Con questa frase inizia la parte conclusiva dell' eccellente "Ritorno a casa" di Manoel de Oliveira.
Un film lieve che parla di solitudine,vecchiaia,teatro...vita...
Un opera che sembra quasi sussurrata dal suo autore,mai forzata,sempre leggera (nonostante il tema dell' elaborazione del lutto).

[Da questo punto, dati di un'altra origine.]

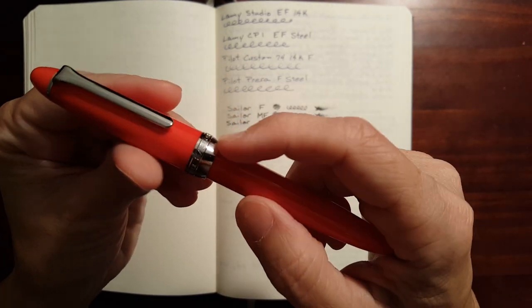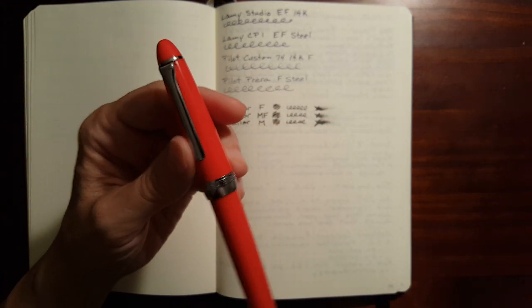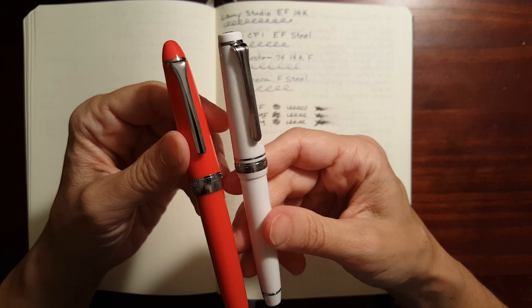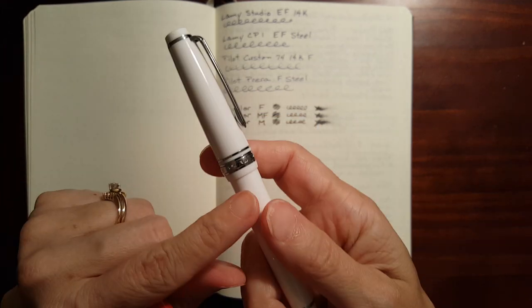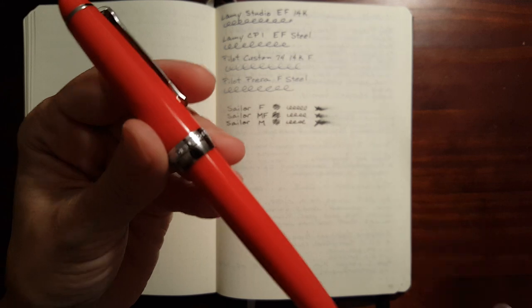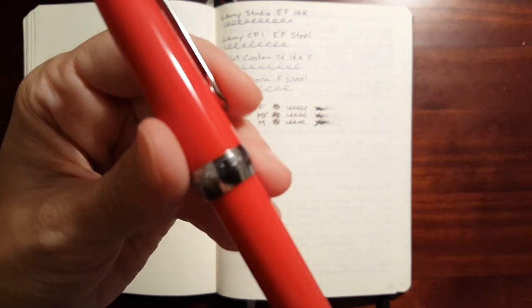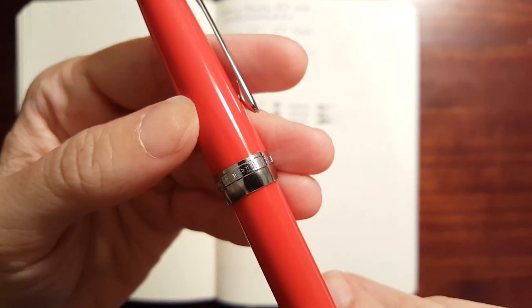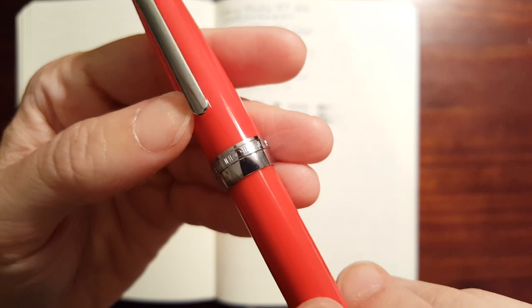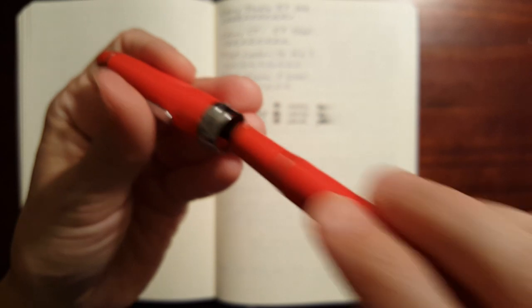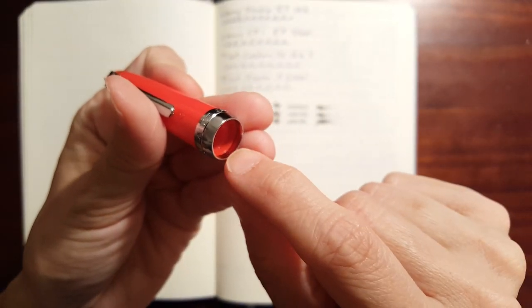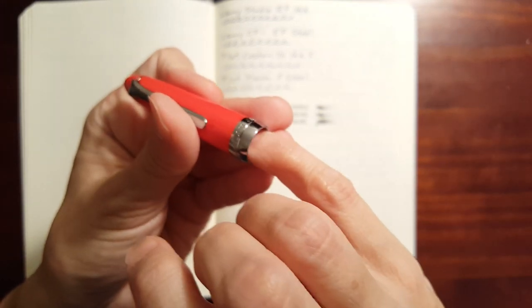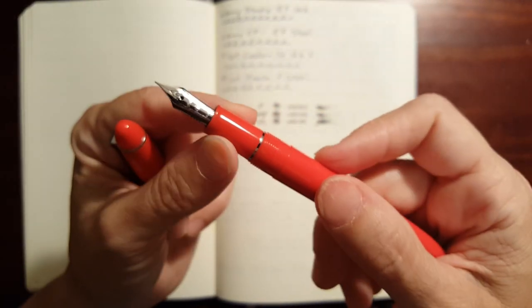The cap band is a little different. It's a one-piece cap band. I will say, I have seen some Pro Gear Slim demonstrators that had this cap band on it. I prefer this cap band. But I think this one's pretty nice looking. It says the same thing on it. It says Founded 1911, Sailor, Japan. And you can kind of see up in there. This is nice and smooth, there's no rough edges that are going to scratch your pen.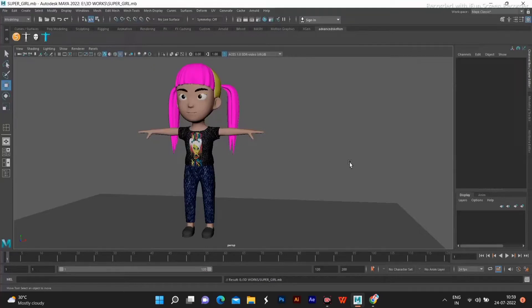Hello friends and welcome back to our channel 75x. In this video, I am going to set up a rig. I am going to show you the details of the video, so let's go.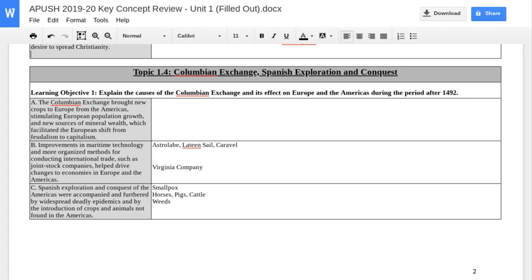What are the environmental effects that happen on the Americas? Neither one of those, to a large degree, are going to be positive. So as you're looking at this, frame it like that — positive, negative, demographic, environmental, economic. Categorize this stuff and try to develop an argument as you look at it.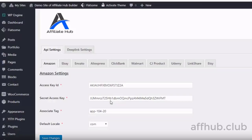Hey, this is Chris with AffiliateTube. Today I want to do an Affiliate Hub review and demo with you. There's been a demo created showing you exactly how Affiliate Hub works and how you can set it up, and you'll be able to see all the features and benefits of this plugin, which is amazing if you do affiliate marketing. I highly suggest you visit their website at affhub.club or just click the link under this video.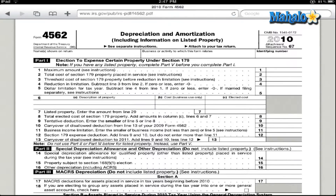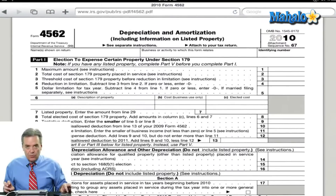So download this Form 4562, figure out whether or not you want to take that accelerated depreciation, which you certainly should, in which case you'll put that information on the top part of Form 4562. When you complete this form, the totals at the bottom of Form 4562 will then transfer over to the very front of your Schedule C, and that's how you'll take the depreciation for that new computer.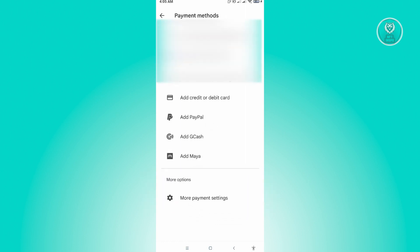From here, you'll be able to see your payment methods on your account. What you need to do is add a credit or debit card.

Una vicenda drammatica che tocca corde umoristiche.
E' stupefacente vedere come de Oliveira (che ormai gira un film all' anno) migliora col passar del tempo.
A 93 anni riesce ancora a deliziare.
Le invenzioni registiche sono notevoli: quando Piccoli si trova nel bar la macchina da presa è posizionata fuori,quando invece esce e si trova davanti ad un negozio a firmare autografi la telecamera è posizionata questa volta proprio dentro al negozio.Sembra quasi che il regista non vuole disturbare l' attore protagonista...poi è impossibile dimenticare Piccoli che acquista un paio di belle scarpe nuove che rimira compiaciuto durante il dialogo con un amico mentre la macchina da presa resta fissa proprio sulle scarpe ,che subito dopo gli rubano.
La gag del bar è bellissima,cosi' come il tenero rapporto col nipotino e il finale ( sembra dirci che per un attore il cinema è più stressante e "noioso" rispetto al teatro).
John Malkovich,pur apparendo per poco tempo,riesce ad essere memorabile.
Ma ancora più grande è Michel Piccoli...è talmente bravo da far commuovere; e mi chiedo:chi è l' imbecille che gli ha negato la palma d' oro come miglior attore?
Con tutto il cuore lo consiglio: andate a vedere questo film.